### WHAT NEEDS TO BE DONE
Only an exact copy is wanted: the lines from the one holding "Crochet Braids Hairstyles" through the last line below, minus the pictures.

### DATA PROVIDED

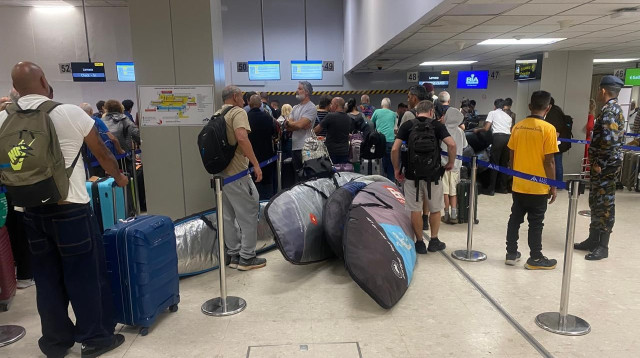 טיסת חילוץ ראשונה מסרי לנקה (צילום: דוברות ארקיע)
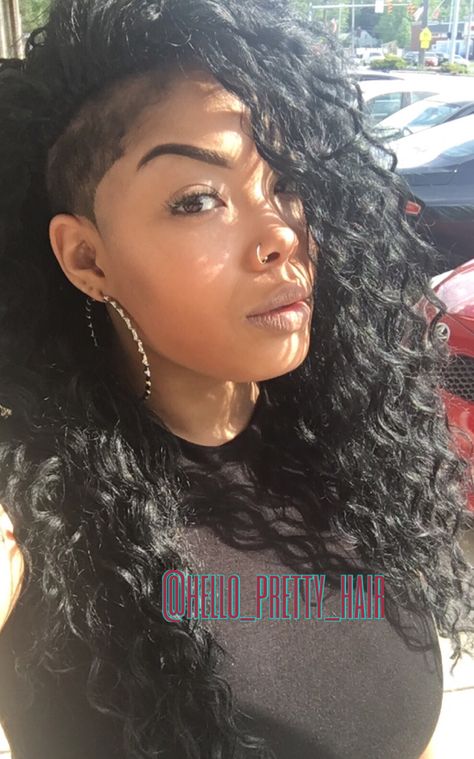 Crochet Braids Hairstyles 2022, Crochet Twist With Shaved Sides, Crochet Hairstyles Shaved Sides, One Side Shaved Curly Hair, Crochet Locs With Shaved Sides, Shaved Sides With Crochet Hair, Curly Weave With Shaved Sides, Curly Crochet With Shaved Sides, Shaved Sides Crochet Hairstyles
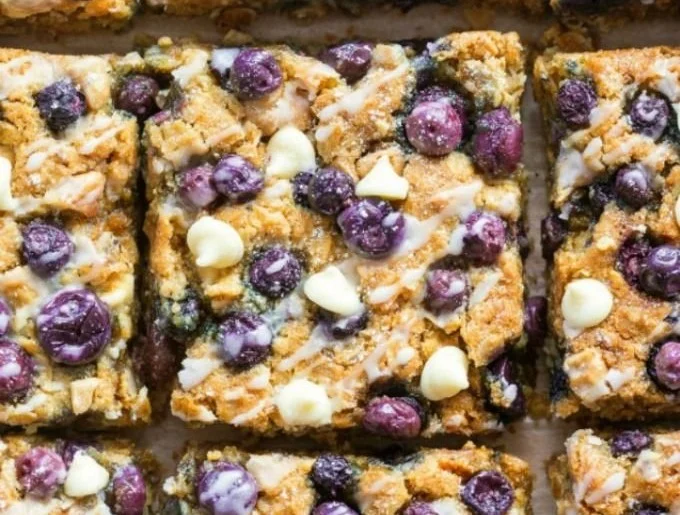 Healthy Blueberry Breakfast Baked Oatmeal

### WRITTEN RESPONSE
 Crochet Braids Hairstyles 2022, Crochet Twist With Shaved Sides, Crochet Hairstyles Shaved Sides, One Side Shaved Curly Hair, Crochet Locs With Shaved Sides, Shaved Sides With Crochet Hair, Curly Weave With Shaved Sides, Curly Crochet With Shaved Sides, Shaved Sides Crochet Hairstyles
 Healthy Blueberry Breakfast Baked Oatmeal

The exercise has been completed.